Budgetary investments are a key source of investment for the underfunded Far Eastern Federal District

Historically, Far Eastern regions have differed in terms of per capita investment in fixed assets. Subjects of the FEFD with the highest share of extractive industry in GRP and low population density, such as the Sakhalin and Magadan Regions, the Republic of Sakha (Yakutia), and the Chukotka Autonomous District, attract the largest volume of per capita private investments. Budgetary investments often form a significant share of overall investment in regions where the industrial sector plays a minor role. These regions include the Republic of Buryatia1, Kamchatka Krai, and the Chukotka Autonomous District despite its extractive industry. In addition to this, the state was the main investor in the Primorsky Krai during preparations for the APEC summit, and, until recently was the main investor in the Jewish Autonomous Region, where in 2015 the share of budgetary investments equaled 47%.

Figure 1. Extractive industry regions attract higher per capita private investment, data for 2018, thousand rubles

Source: Rosstat, ACRA’s calculations

The Republic of Buryatia and the Zabaikalsky Krai, which were part of the Siberian Federal District until November 2018, are retrospectively regarded as part of the Far Eastern Federal District for the purpose of this research.

Oil and gas projects in the Sakhalin Region receive the lion’s share of foreign direct investment in the FEFD.

The Sakhalin Region leads the Far Eastern macroregion both in terms of per capita investment and by volume of foreign direct investment (in 2017 it was the recipient of more than 75% of all foreign direct investment in the FEFD).

The average level of budgetary investments (from all budgets, including the federal one) into the FEFD is in line with the average national indicator.
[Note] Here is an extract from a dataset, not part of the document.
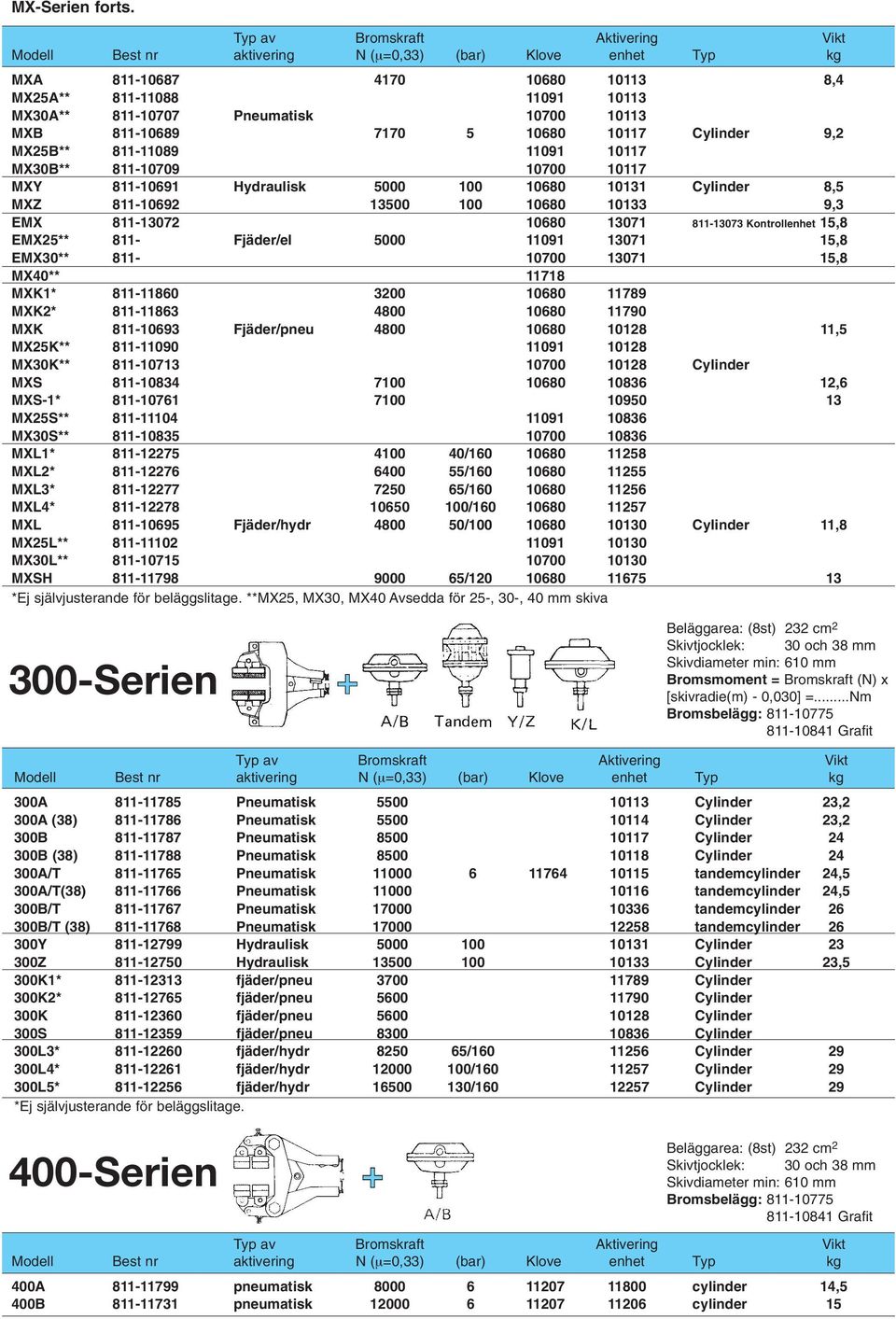 10700 10117 MXY 811-10691 Hydraulisk 5000 100 10680 10131 Cylinder 8,5 MXZ 811-10692 13500 100 10680 10133 9,3 EMX 811-13072 10680 13071 811-13073 Kontrollenhet 15,8 EMX25** 811- Fjäder/el 5000 11091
However, the macroregion requires a higher level of investment given the unequal distribution of budgetary investments across the regions of the FEFD, higher cost of living, and limited transport accessibility.

The average volume of investments in the regions of the FEFD financed by regional budgets lags behind the national average, having steadily declined since 2013. In 2018, the share of investments in the FEFD from regional budgets amounted to 3.4% vs. the average national indicator of 6.8%, while from 2010 to 2018 it averaged 5.5% vs. around 7%, respectively.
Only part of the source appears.